There’s a lively contradiction at work in Basya Schechter’s music. On the one hand, as the singer-songwriter and leader of Pharaoh’s Daughter says, “I love the pentatonic scales; they’re sweet and mournful and yearning.” On the other hand, as her excellent new album, “Dumiyah” (Magenta), reminds a listener, one of the great strengths of her music is the clarity, poise and above all, the simplicity with which she sings, a vocal sound that is stripped of ornamentation and the fake emotion that mars much contemporary music.
It is a warm day in late summer, and Schechter is sitting in a café in Lincoln Center, nursing an iced drink and pensively considering the new CD, which features a generous helping of, among other things, songs for the Jewish festivals.
It isn’t supposed to be an album married to the ritual calendar despite two Chanukah songs and several musical nods to the Days of Awe and Shabbat. Of course, the elements of Jewish spirituality are always up front in her work.

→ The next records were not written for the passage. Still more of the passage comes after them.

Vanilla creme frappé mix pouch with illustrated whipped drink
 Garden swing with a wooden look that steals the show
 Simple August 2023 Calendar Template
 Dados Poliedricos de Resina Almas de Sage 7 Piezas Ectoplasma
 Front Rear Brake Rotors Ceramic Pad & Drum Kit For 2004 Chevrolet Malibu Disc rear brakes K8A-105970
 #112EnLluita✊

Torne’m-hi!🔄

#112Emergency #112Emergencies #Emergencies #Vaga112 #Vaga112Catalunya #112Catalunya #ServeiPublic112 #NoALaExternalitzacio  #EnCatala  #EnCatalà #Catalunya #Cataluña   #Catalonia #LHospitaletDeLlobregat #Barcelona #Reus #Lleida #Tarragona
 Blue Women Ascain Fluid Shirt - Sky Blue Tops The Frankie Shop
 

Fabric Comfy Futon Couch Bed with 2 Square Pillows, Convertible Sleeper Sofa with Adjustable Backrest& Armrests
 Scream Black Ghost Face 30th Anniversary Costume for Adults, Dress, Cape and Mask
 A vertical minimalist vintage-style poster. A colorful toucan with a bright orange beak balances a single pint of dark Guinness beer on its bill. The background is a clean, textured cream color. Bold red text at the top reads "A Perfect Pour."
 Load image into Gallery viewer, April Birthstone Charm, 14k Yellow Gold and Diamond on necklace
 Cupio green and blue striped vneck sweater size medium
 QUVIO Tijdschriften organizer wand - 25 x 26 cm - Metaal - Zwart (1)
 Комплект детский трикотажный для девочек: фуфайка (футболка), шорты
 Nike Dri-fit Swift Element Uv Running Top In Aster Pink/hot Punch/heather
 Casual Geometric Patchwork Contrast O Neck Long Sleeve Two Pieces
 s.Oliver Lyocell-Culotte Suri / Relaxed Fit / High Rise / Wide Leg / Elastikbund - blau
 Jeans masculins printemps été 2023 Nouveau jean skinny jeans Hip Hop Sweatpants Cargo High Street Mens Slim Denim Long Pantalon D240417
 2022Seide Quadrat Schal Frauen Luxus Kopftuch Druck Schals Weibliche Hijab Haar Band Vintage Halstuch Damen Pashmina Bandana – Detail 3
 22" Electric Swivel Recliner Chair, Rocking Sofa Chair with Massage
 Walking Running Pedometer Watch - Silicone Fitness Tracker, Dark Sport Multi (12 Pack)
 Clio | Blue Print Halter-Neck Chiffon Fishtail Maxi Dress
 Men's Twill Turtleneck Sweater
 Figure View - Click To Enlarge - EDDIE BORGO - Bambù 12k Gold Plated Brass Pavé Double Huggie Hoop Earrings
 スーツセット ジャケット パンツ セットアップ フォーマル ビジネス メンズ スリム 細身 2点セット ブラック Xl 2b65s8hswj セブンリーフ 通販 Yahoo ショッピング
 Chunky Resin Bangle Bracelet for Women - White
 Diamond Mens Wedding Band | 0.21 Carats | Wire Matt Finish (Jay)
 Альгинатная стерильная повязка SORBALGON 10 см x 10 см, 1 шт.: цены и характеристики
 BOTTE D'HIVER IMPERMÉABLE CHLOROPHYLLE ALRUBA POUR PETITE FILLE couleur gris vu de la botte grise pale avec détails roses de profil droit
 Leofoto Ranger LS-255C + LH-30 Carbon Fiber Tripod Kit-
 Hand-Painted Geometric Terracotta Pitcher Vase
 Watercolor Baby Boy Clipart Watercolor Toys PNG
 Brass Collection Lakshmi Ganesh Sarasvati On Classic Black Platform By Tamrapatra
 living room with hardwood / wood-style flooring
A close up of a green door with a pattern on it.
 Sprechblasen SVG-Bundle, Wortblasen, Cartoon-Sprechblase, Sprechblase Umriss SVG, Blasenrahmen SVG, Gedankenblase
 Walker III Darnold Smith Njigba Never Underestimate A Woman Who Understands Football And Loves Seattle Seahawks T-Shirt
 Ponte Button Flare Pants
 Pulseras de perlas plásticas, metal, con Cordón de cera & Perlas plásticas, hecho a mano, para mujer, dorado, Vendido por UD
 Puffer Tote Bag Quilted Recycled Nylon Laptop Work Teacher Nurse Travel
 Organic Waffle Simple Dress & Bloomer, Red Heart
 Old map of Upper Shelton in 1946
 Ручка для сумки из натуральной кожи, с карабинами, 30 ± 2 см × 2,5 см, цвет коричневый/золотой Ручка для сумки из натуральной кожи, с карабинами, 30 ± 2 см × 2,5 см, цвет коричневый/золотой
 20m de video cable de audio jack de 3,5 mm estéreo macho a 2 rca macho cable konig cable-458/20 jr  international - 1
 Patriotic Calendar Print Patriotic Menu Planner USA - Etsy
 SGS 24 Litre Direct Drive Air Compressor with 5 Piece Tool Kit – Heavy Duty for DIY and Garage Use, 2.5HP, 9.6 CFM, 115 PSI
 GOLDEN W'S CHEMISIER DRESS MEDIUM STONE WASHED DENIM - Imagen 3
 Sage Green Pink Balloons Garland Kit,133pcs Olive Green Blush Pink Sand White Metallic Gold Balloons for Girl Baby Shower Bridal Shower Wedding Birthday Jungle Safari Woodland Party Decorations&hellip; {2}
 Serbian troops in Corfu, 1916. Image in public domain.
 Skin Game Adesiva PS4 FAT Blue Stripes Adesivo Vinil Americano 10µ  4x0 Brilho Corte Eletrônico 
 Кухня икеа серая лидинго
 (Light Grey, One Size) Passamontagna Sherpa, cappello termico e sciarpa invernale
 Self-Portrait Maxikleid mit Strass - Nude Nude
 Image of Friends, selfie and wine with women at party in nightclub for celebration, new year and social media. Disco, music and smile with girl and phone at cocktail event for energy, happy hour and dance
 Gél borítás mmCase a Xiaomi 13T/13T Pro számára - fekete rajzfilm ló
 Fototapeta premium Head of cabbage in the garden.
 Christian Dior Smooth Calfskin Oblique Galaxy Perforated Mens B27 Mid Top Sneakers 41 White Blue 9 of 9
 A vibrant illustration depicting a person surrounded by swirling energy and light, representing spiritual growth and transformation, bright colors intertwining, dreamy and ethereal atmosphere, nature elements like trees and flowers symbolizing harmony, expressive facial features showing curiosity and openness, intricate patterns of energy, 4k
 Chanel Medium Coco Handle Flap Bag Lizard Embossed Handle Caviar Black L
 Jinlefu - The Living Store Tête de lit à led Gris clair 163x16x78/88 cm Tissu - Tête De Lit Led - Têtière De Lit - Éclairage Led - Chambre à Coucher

And the emotions of sacred texts. That’s something else she brings to the fore in those pentatonic scales. “They’re very emotional,” she says. “You feel close to the elements and the emotions.”
For example, “Avrohum,” the third track on the new set, draws from a Malian lullaby Schechter learned from Yacouba Sissoko (who guests on kora), and takes its text from a Talmudic discussion between Sarah and Isaac. You’d expect something a bit detached, cerebral, but the result throbs with the feelings of love and loss that the matriarch feels for her endangered only son.
In one respect, “Dumiyah” (which means “silence”) differs from the four previous albums by Pharaoh’s Daughter. Although the core of musicians are all long-time members of the band, the production by Jamshied Sharifi gives the group a bigger sound, utilizing a four-man horn section and strings.
“The sound takes a lot of its direction from [Jamshied],” Schechter explains. “We weren’t on a deadline, so he created these densely interwoven arrangements. He scores films and he wrote these lush landscapes.”
The result, she adds, was a process of accretion.
“We would let the music sit until it’s finished,” Schechter says. “We would hear it and think that a piece of the necessary sound was missing, so we kept adding. We would keep asking the song, ‘What are we not hearing?’”
One thing that Schechter’s fans haven’t been hearing — yet — is a huge body of unrecorded music that she has written.
“There’s an album of Itzik Manger songs, Bible songs that he wrote, a setting of Shir Ha-Shirim, an album inspired by Rebbe Nachman and one drawn from the Zohar,” she counts them off.
In the end, though, it always comes back to her own strong Jewish identity and “the relationship between a home culture and the outside culture.”
She pauses, then concludes, “I’m showing my own trajectory, all these texts and prayers that I grew up with. All my work is memoir.”